(How to complete this task): Exactly as written, return the entries below, minus any pictures.

Input data: Begin

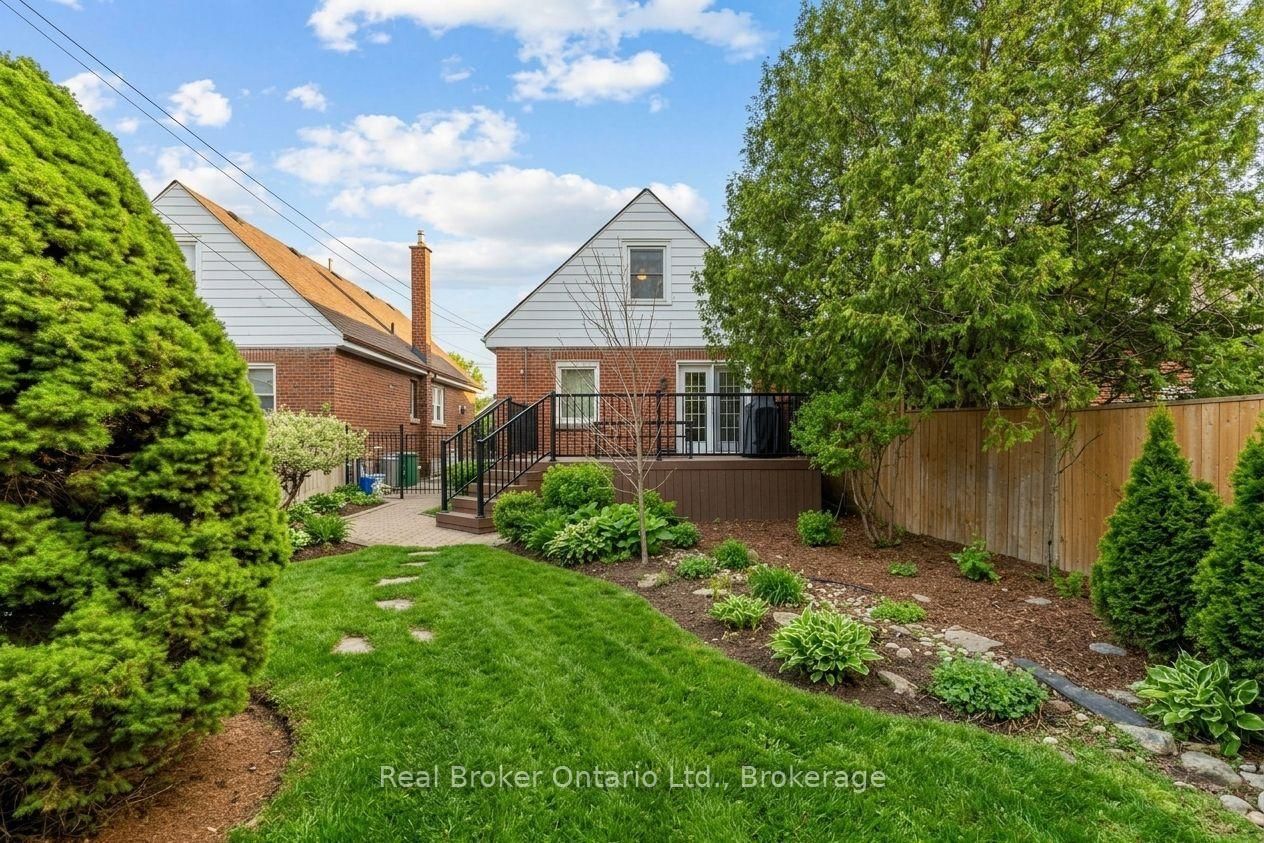 193 Huxley Avenue S • Hamilton, ON photo 41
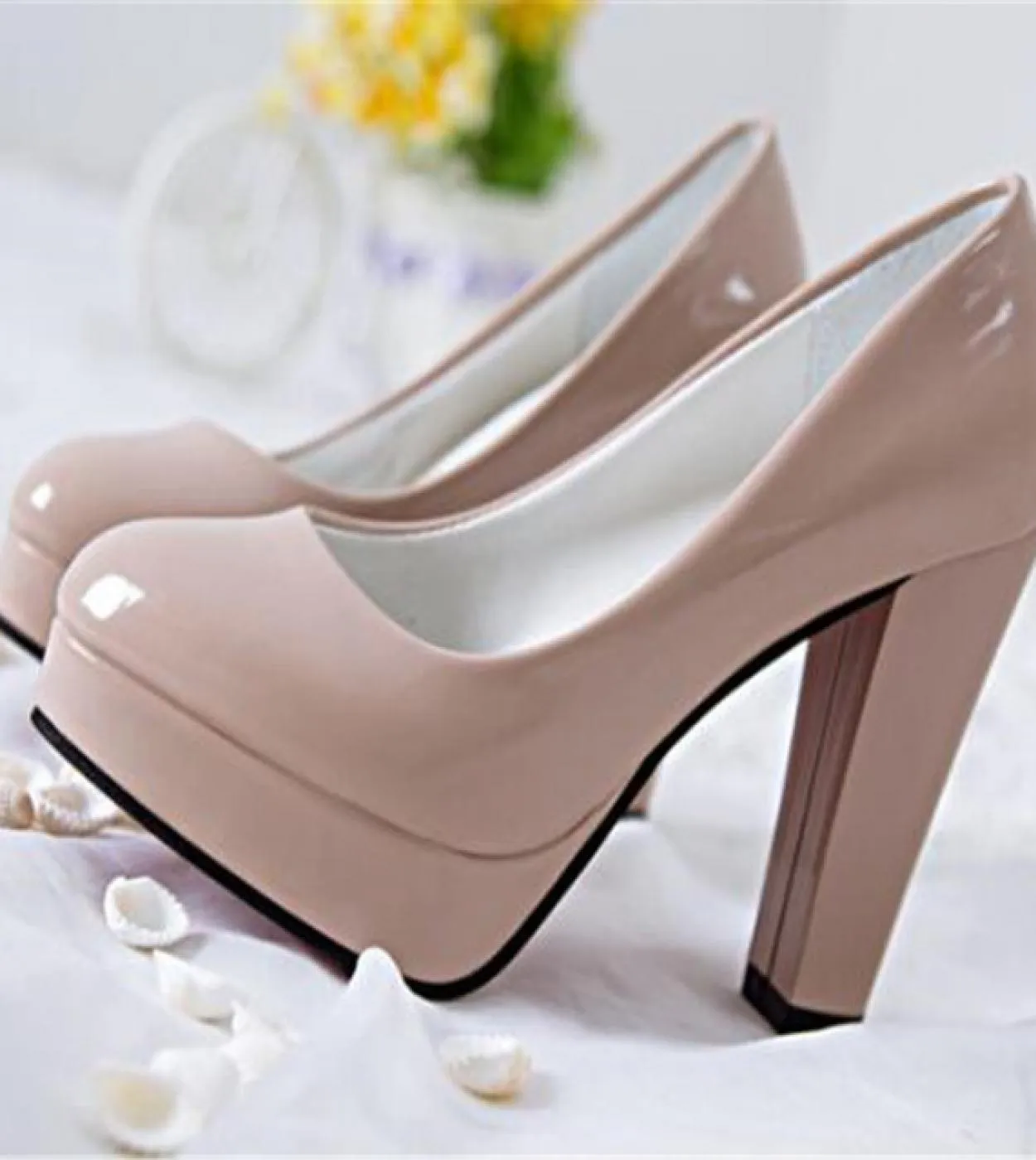 Designer di lusso tacchi a punta scarpe eleganti scarpe a punta Hee 2023 nuove pompe da donna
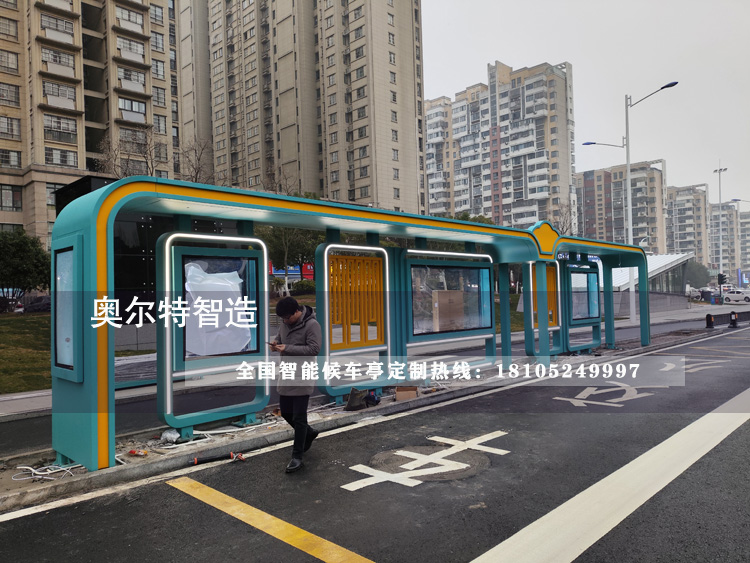 ����������ɫ���ܺ�ͤ���ó���ͨ�ڻ����գ�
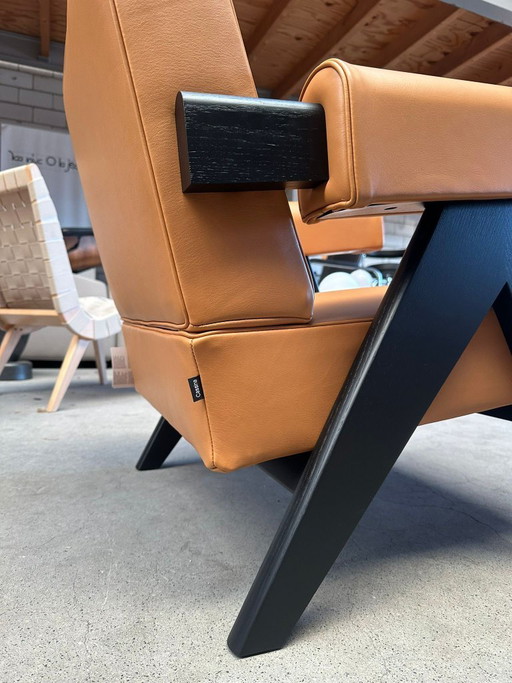 Sessel im Cassina Capitol Complex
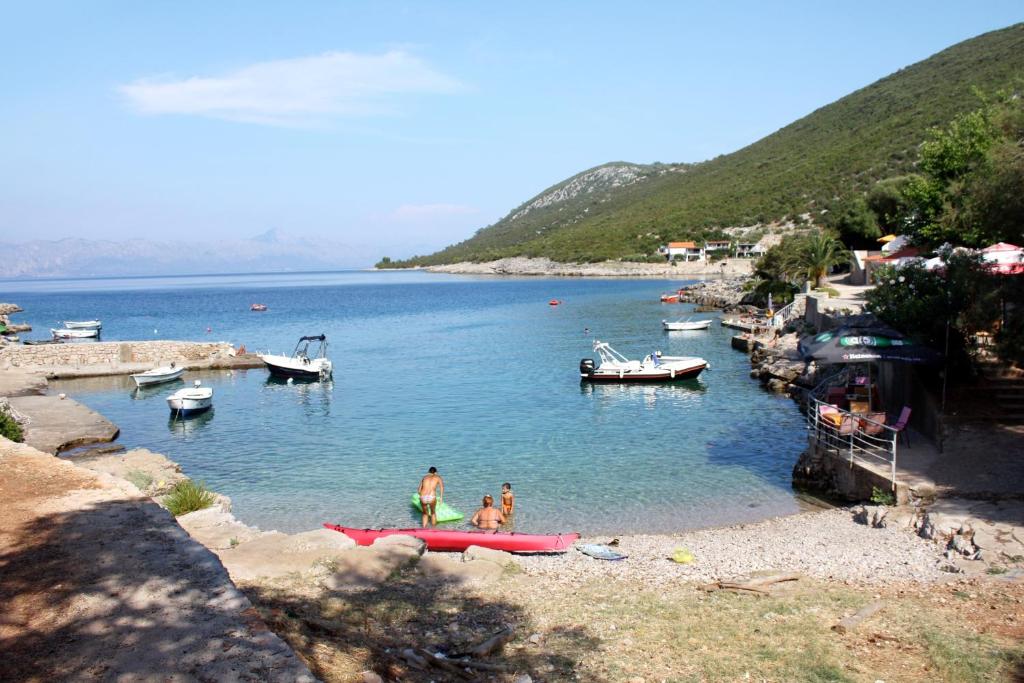 Apartments by the sea Cove Zarace - Gdinj, Hvar - 2047 photo 4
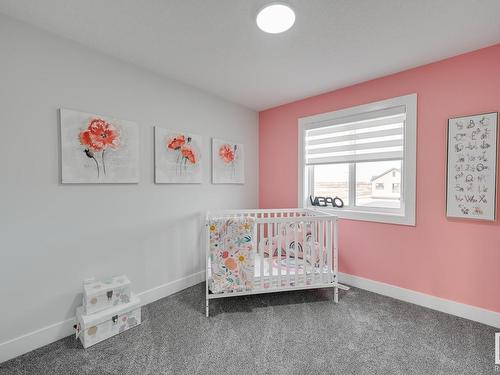 40 Chambery Crescent, St. Albert, AB - Indoor Photo Showing Bedroom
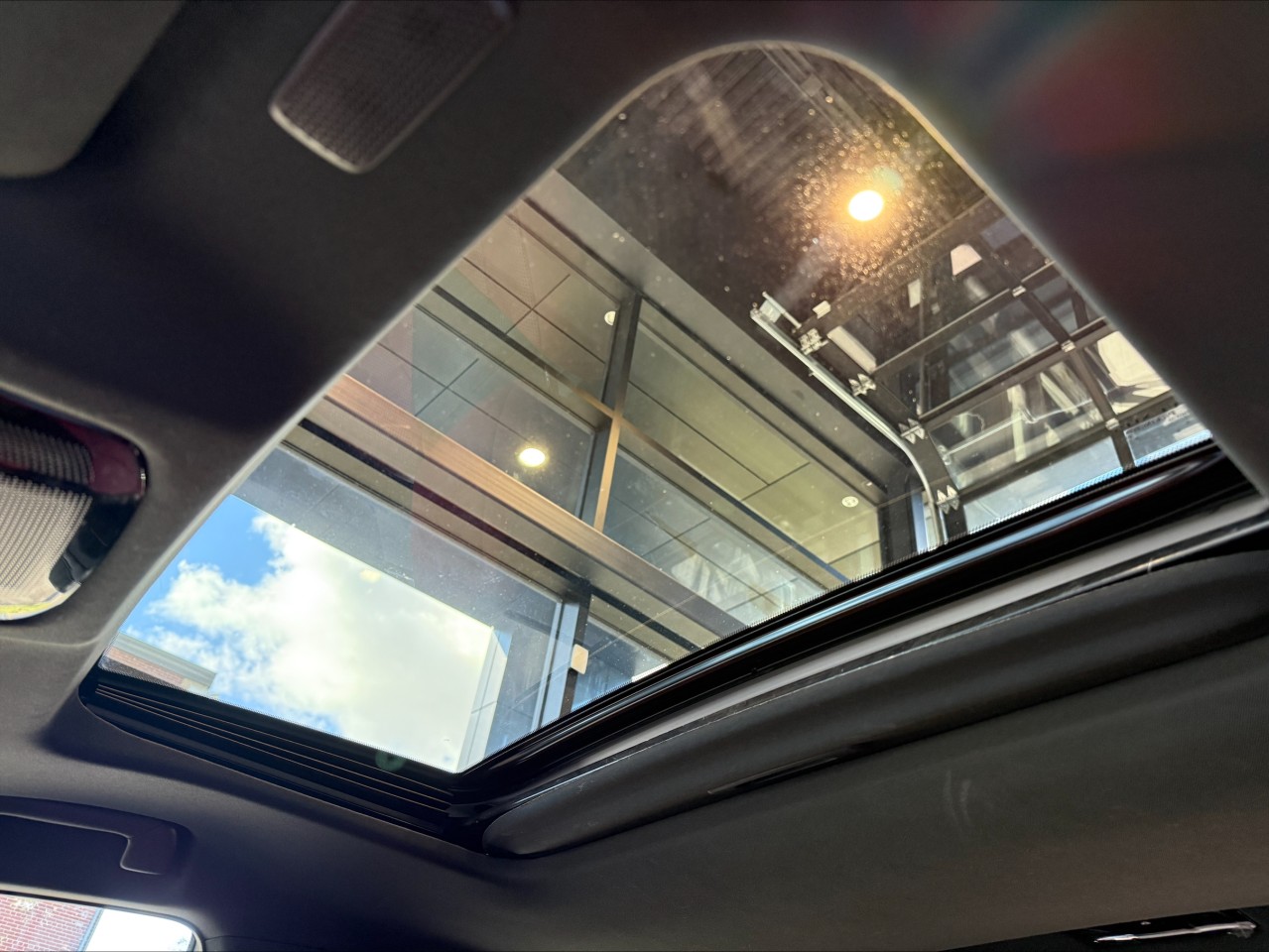 2022 Lexus NX350 - Image 20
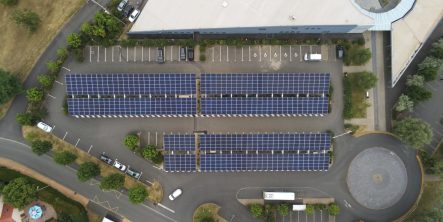 parking avec combrière photovoltaïque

Input data: End

(Written answer):
 193 Huxley Avenue S • Hamilton, ON photo 41
 Designer di lusso tacchi a punta scarpe eleganti scarpe a punta Hee 2023 nuove pompe da donna
 ����������ɫ���ܺ�ͤ���ó���ͨ�ڻ����գ�
 Sessel im Cassina Capitol Complex
 Apartments by the sea Cove Zarace - Gdinj, Hvar - 2047 photo 4
 40 Chambery Crescent, St. Albert, AB - Indoor Photo Showing Bedroom
 2022 Lexus NX350 - Image 20
 parking avec combrière photovoltaïque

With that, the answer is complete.